Available records:
----------

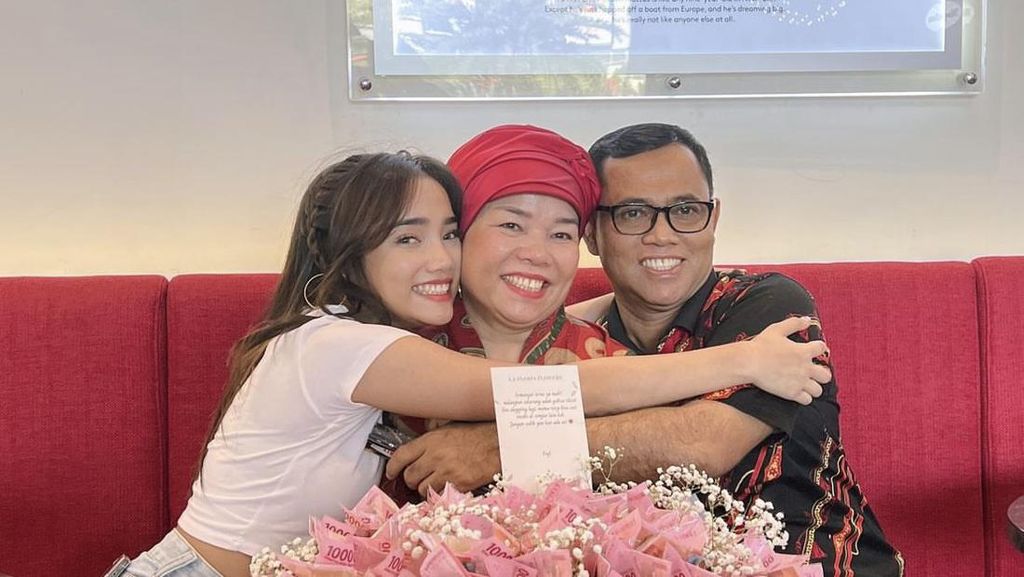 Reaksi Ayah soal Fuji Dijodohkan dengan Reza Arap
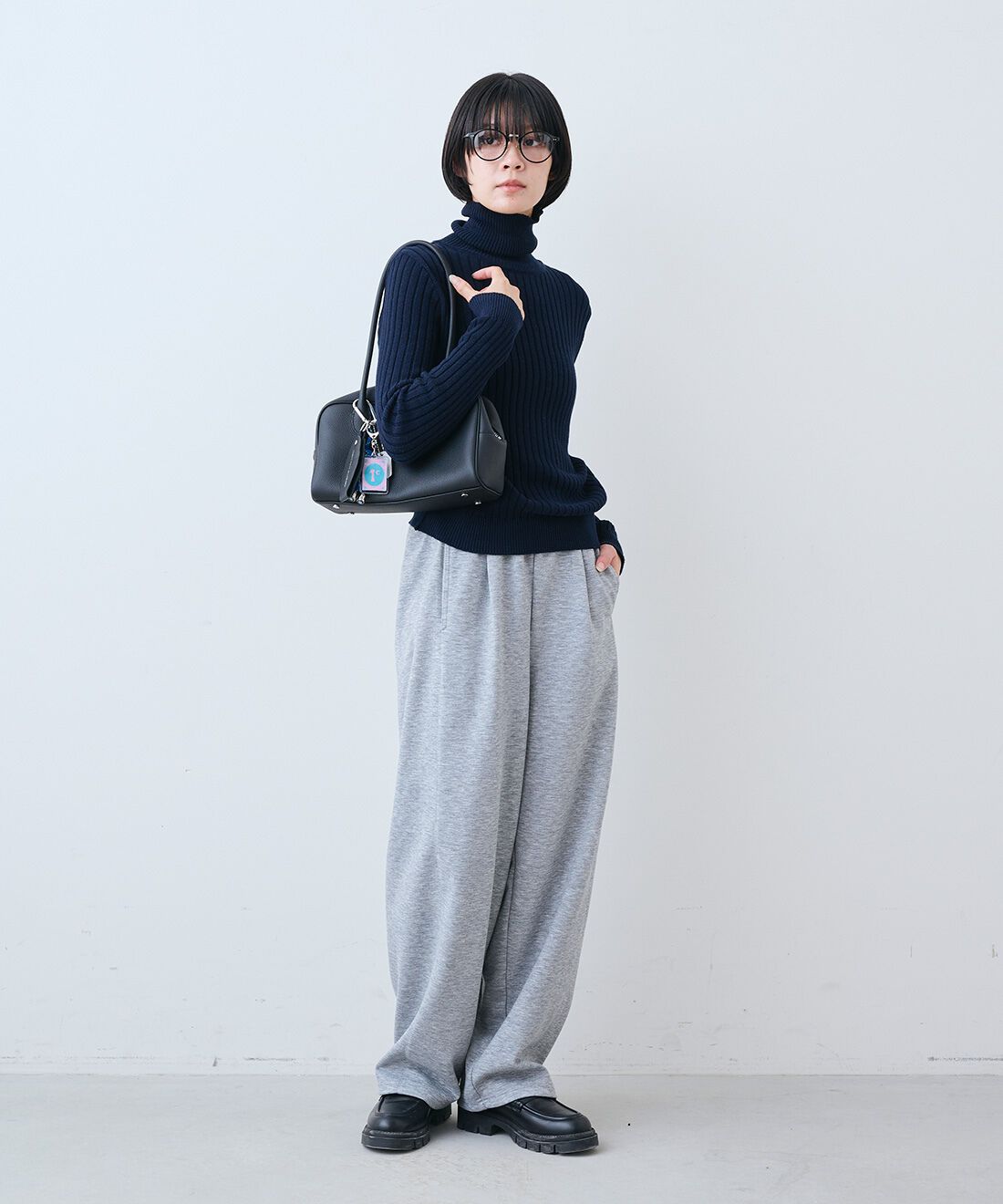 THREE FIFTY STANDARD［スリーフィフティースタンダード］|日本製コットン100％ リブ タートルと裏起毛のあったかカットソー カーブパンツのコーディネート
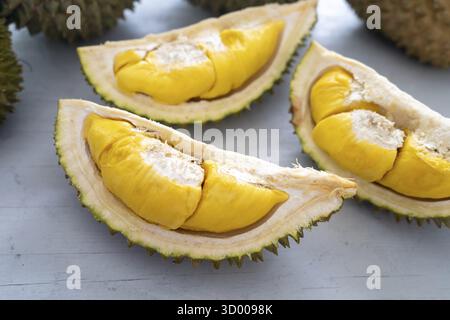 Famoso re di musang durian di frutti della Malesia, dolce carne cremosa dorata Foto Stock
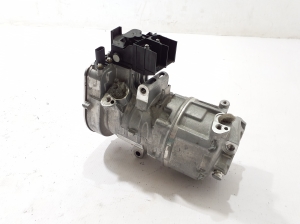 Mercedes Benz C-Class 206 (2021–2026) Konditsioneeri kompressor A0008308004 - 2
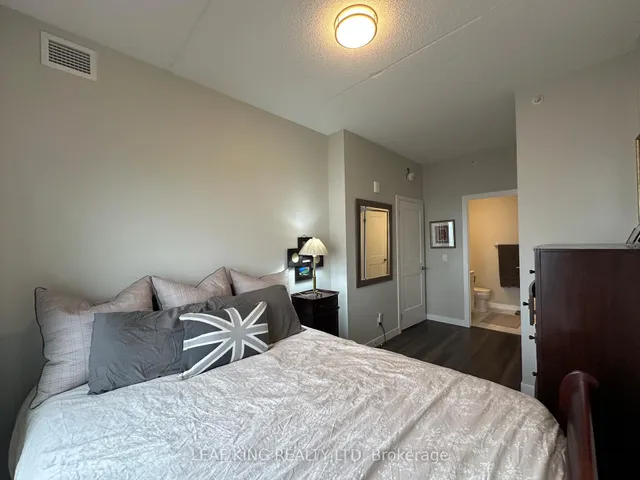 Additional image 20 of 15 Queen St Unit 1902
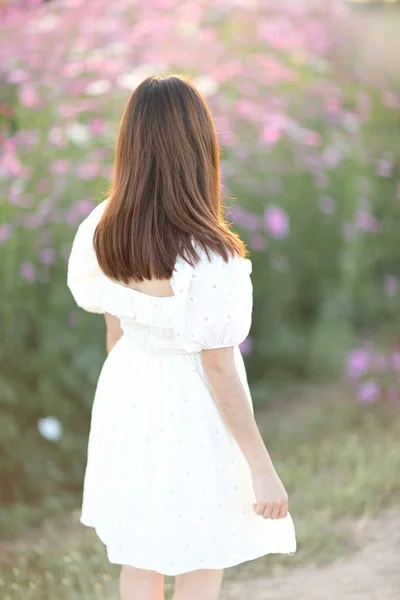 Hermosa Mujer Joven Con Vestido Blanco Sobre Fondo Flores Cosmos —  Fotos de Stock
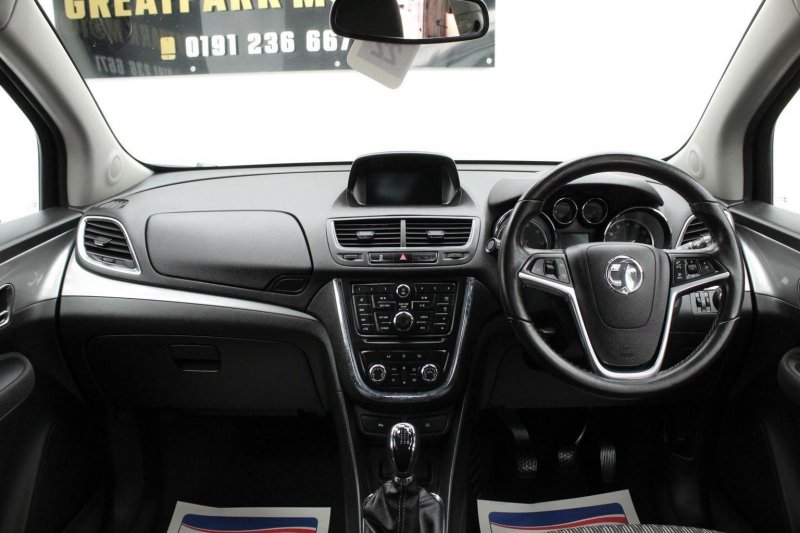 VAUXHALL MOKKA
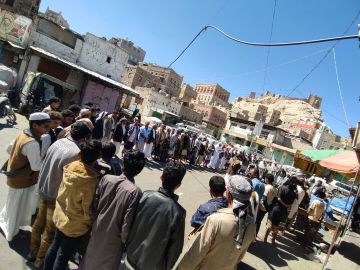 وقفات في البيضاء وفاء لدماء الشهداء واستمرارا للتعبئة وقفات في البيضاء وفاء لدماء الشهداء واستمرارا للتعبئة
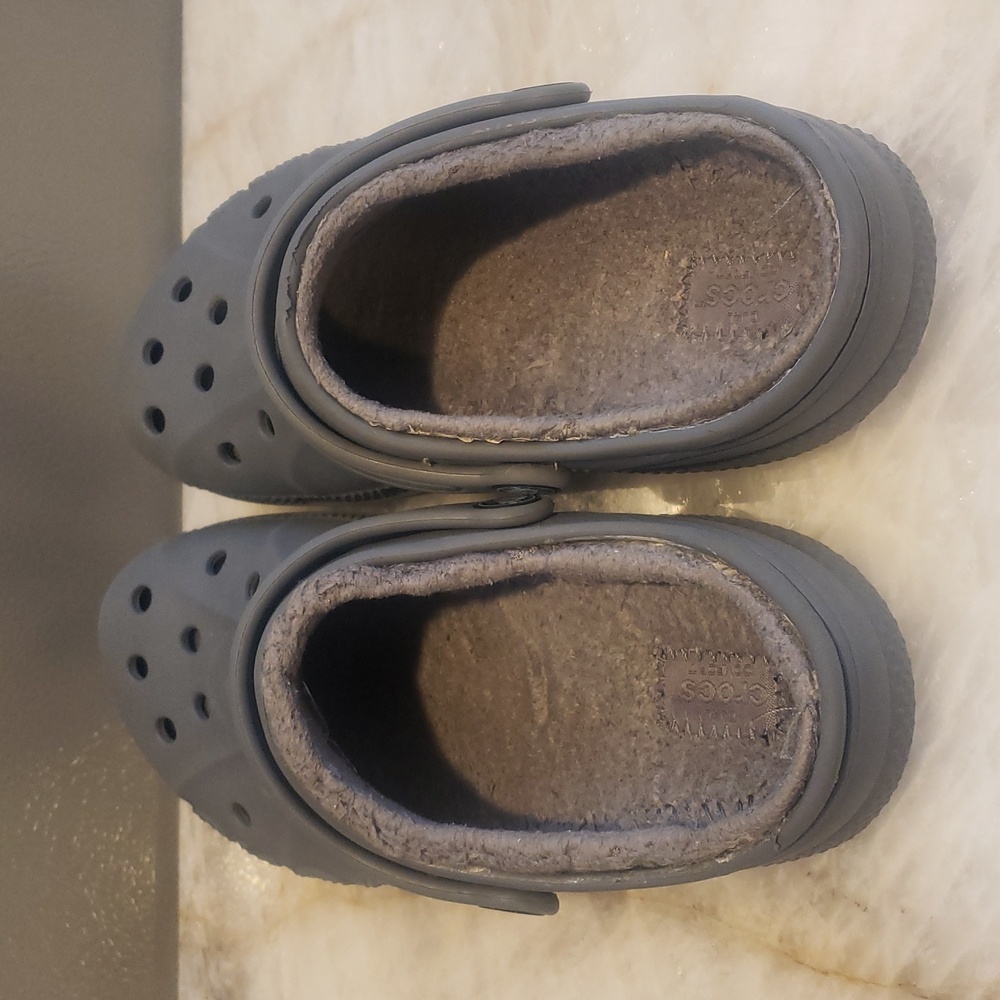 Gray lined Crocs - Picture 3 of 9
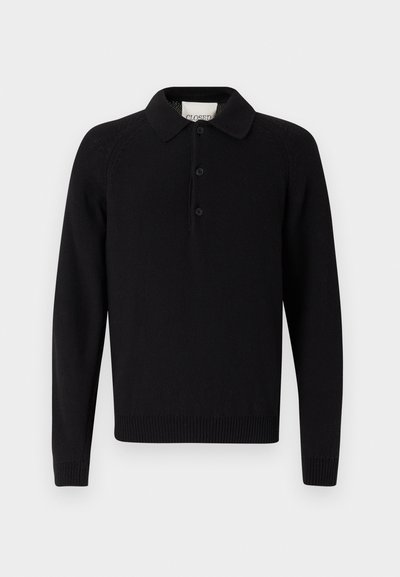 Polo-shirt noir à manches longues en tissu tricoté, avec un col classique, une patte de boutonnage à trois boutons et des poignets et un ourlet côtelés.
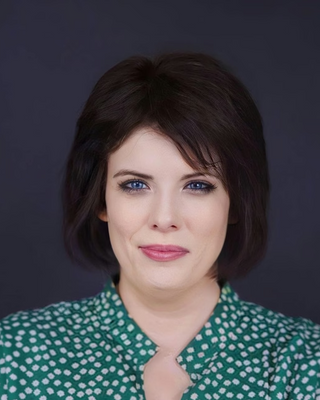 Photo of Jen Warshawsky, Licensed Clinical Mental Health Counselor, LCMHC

----------

What the task requires: Where the material above includes pictures, omit them and retype everything else exactly.

Answer space:
 Reaksi Ayah soal Fuji Dijodohkan dengan Reza Arap
 THREE FIFTY STANDARD［スリーフィフティースタンダード］|日本製コットン100％ リブ タートルと裏起毛のあったかカットソー カーブパンツのコーディネート
 Famoso re di musang durian di frutti della Malesia, dolce carne cremosa dorata Foto Stock
 Mercedes Benz C-Class 206 (2021–2026) Konditsioneeri kompressor A0008308004 - 2
 Additional image 20 of 15 Queen St Unit 1902
 Hermosa Mujer Joven Con Vestido Blanco Sobre Fondo Flores Cosmos —  Fotos de Stock
 VAUXHALL MOKKA
 وقفات في البيضاء وفاء لدماء الشهداء واستمرارا للتعبئة وقفات في البيضاء وفاء لدماء الشهداء واستمرارا للتعبئة
 Gray lined Crocs - Picture 3 of 9
 Polo-shirt noir à manches longues en tissu tricoté, avec un col classique, une patte de boutonnage à trois boutons et des poignets et un ourlet côtelés.
 Photo of Jen Warshawsky, Licensed Clinical Mental Health Counselor, LCMHC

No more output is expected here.